Verse 22 also echoes the language of creation: “as long as” (lit., “all the days of”; “day,” 1:5ff.); “seed” (“seedtime,” 1:11–12, 29); “day” and “night” (1:5); and “cease/rest” (šābat, 2:2–3). The Lord in recreating the earth reestablishes its order and boundaries as at the beginning (1:14) and “as long as the world exists” (GNB). This shows a permanency for the world, but it also infers that the present heavens and earth will someday cease. Countering those who scoffed at the anticipation of a coming Christ, Peter pointed to Noah’s flood as evidence that God had already shown the will and capacity to bring about a worldwide cataclysm. The apostle forewarns there is yet a great conflagration that at the Lord’s command will close the final chapter of Noah’s new world (2 Pet 3:3–7). Ours is not a “world without end” (AV, Eph 3:21).

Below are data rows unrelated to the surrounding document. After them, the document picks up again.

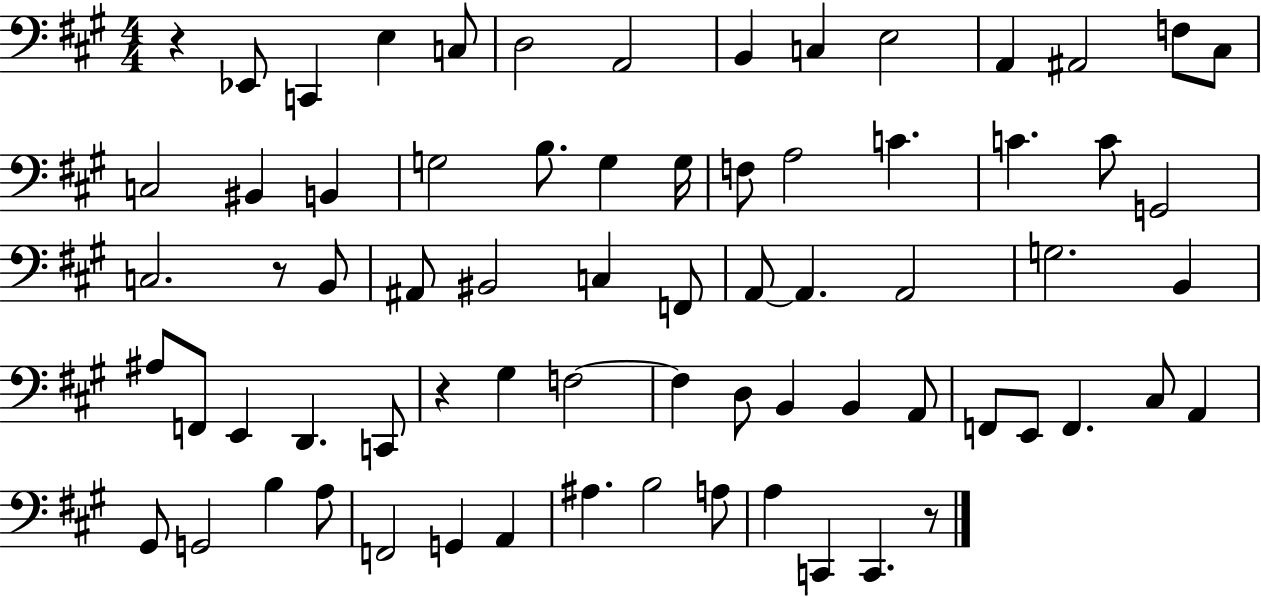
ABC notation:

X:1
T:Untitled
M:4/4
L:1/4
K:A
z _E,,/2 C,, E, C,/2 D,2 A,,2 B,, C, E,2 A,, ^A,,2 F,/2 ^C,/2 C,2 ^B,, B,, G,2 B,/2 G, G,/4 F,/2 A,2 C C C/2 G,,2 C,2 z/2 B,,/2 ^A,,/2 ^B,,2 C, F,,/2 A,,/2 A,, A,,2 G,2 B,, ^A,/2 F,,/2 E,, D,, C,,/2 z ^G, F,2 F, D,/2 B,, B,, A,,/2 F,,/2 E,,/2 F,, ^C,/2 A,, ^G,,/2 G,,2 B, A,/2 F,,2 G,, A,, ^A, B,2 A,/2 A, C,, C,, z/2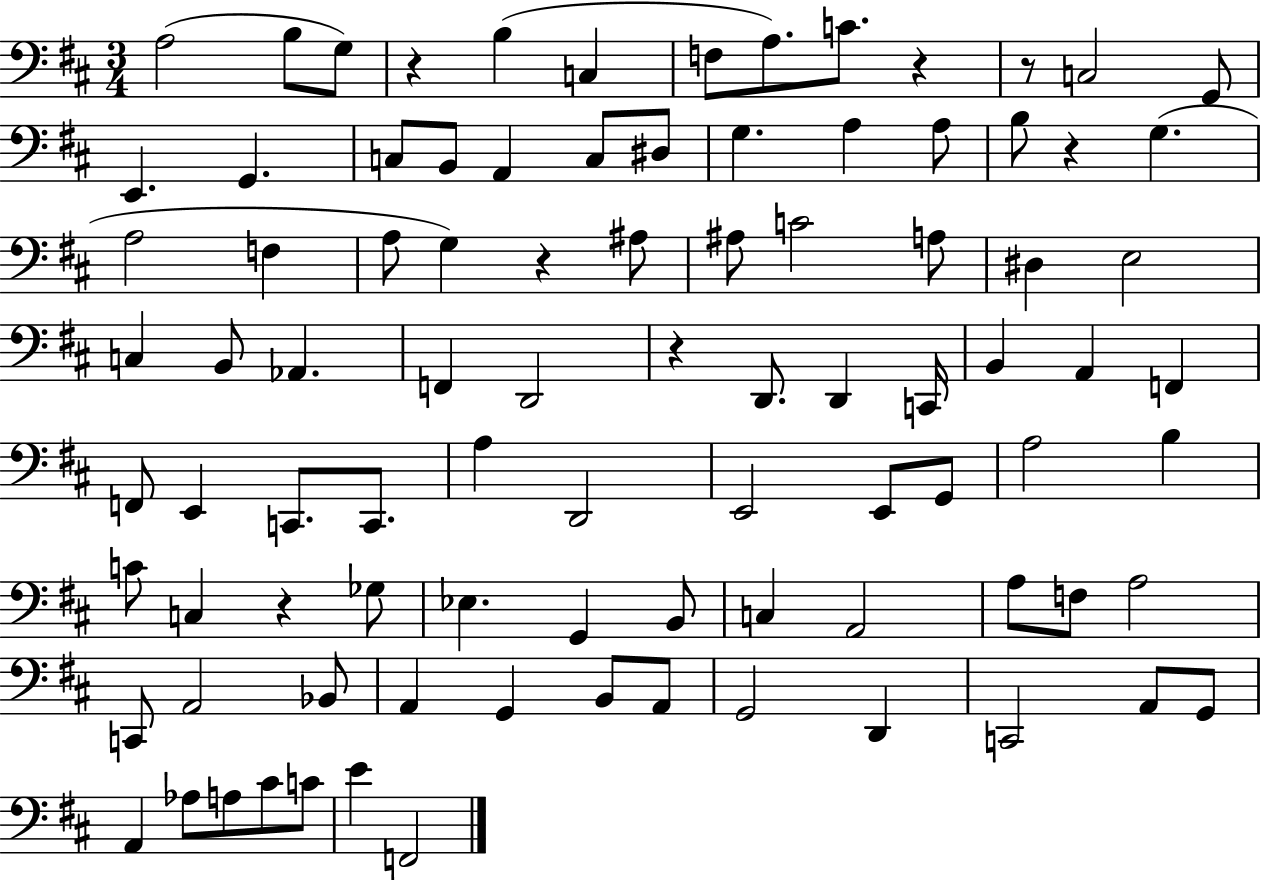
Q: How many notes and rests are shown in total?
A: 91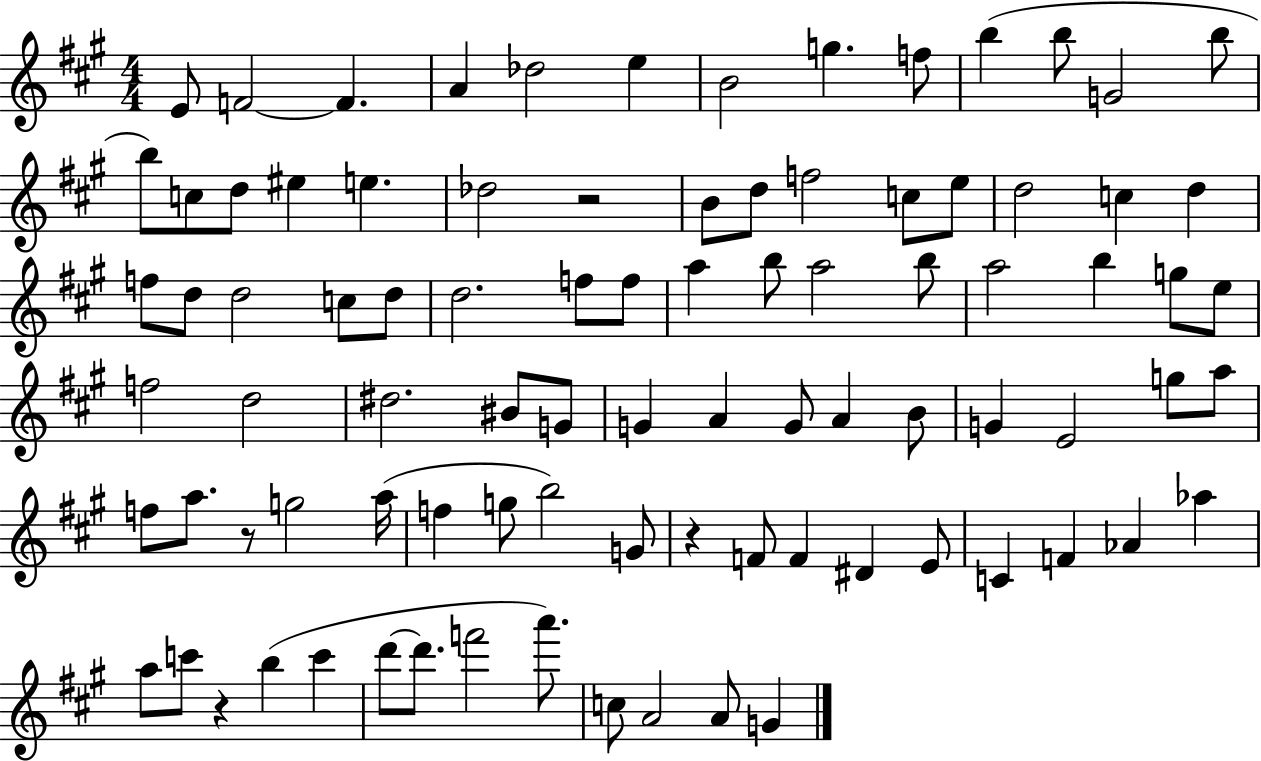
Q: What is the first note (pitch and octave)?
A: E4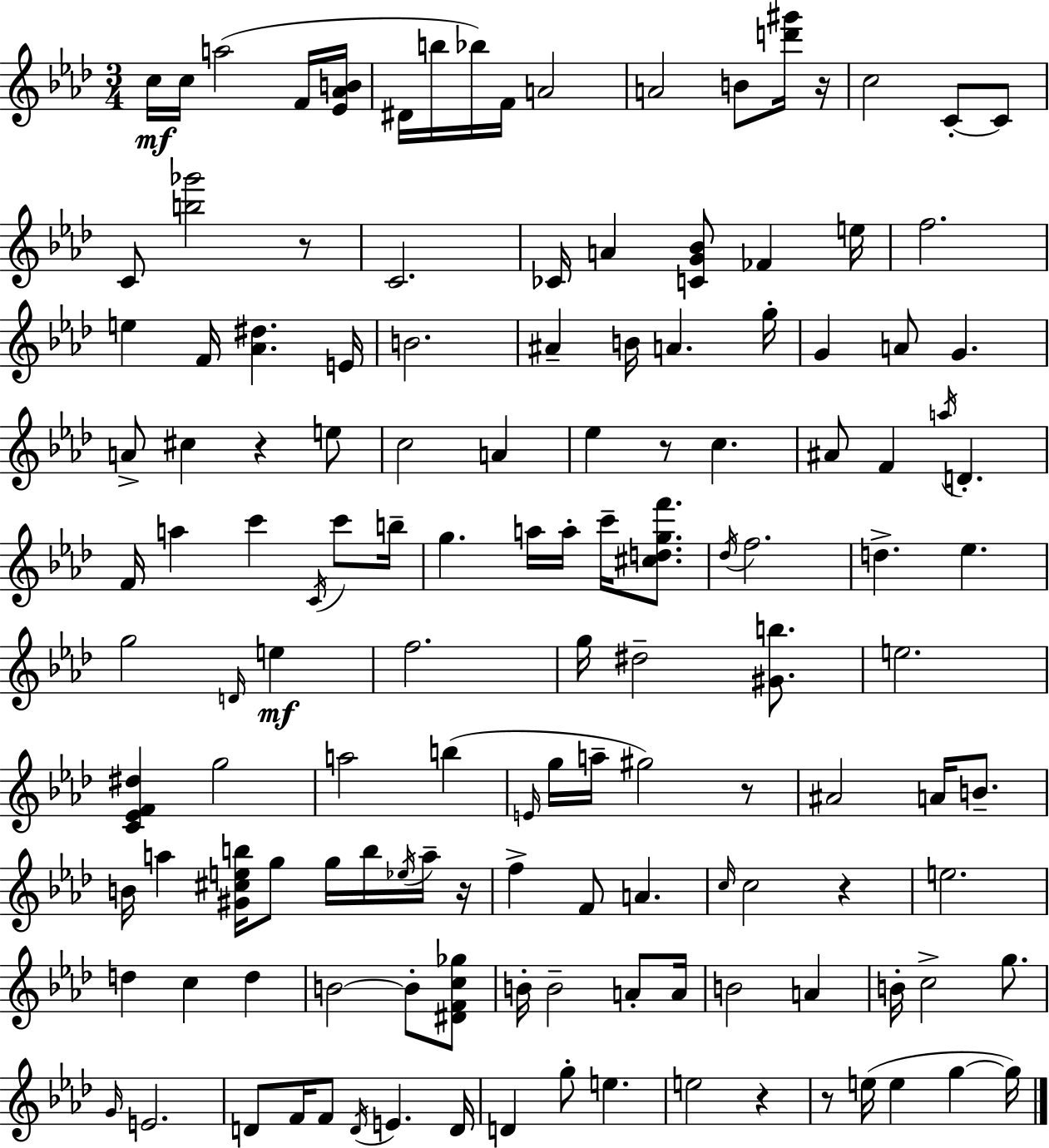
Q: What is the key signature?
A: AES major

The NIV’s rendering (as most English versions) arranges v. 22 in poetic stanza. The figure of merismus (opposites) dominates, indicating the inclusiveness of all seasons and times. The agrarian seasons, necessary for the sustenance of life, are represented by “seedtime and harvest.” The fertility religions of the ancient Near East, with their dying and rising deities, attributed the seasons to the actions of the gods. Canaanite religion, for example, depicted the fruition of spring as the result of Baal’s liberation from the underworld ruled by Mot (Death). Biblical religion explained that the seasonal cycle was the consequence of Yahweh’s pronouncement and, moreover, evidence of a divine dominion that transcends the elements of the earth. There is no place for Mother-earth in biblical ideology. Earth owes its powers (not her powers!) to the divine command.
“Cold and heat” with “summer and winter” are chiastic and essentially parallel to the seasons of seed and harvest, which are marked by these changes in climatic conditions. “Day and night” is the concluding pair and show that they too are at the command of the Lord, who here guarantees their punctual arrival (cf. 1:3–5). Nature will not act capriciously but will be timely and predictable (“will never cease”), giving security to the world and its inhabitants. For Moses’ audience this made the marshaling of such forces for Israel’s exodus and sojourn all the more impressive, as the plague of darkness showed (Exod 10:21–23). More important for later Israel the seasons of plenty were tied to God’s covenant blessing for a faithful people, but the opposite was true as well (e.g., Deut 27–28). Israel rightly expressed its homage to the Governor of the seasons through its annual ritual of firstfruits (e.g., Lev 23:9–14).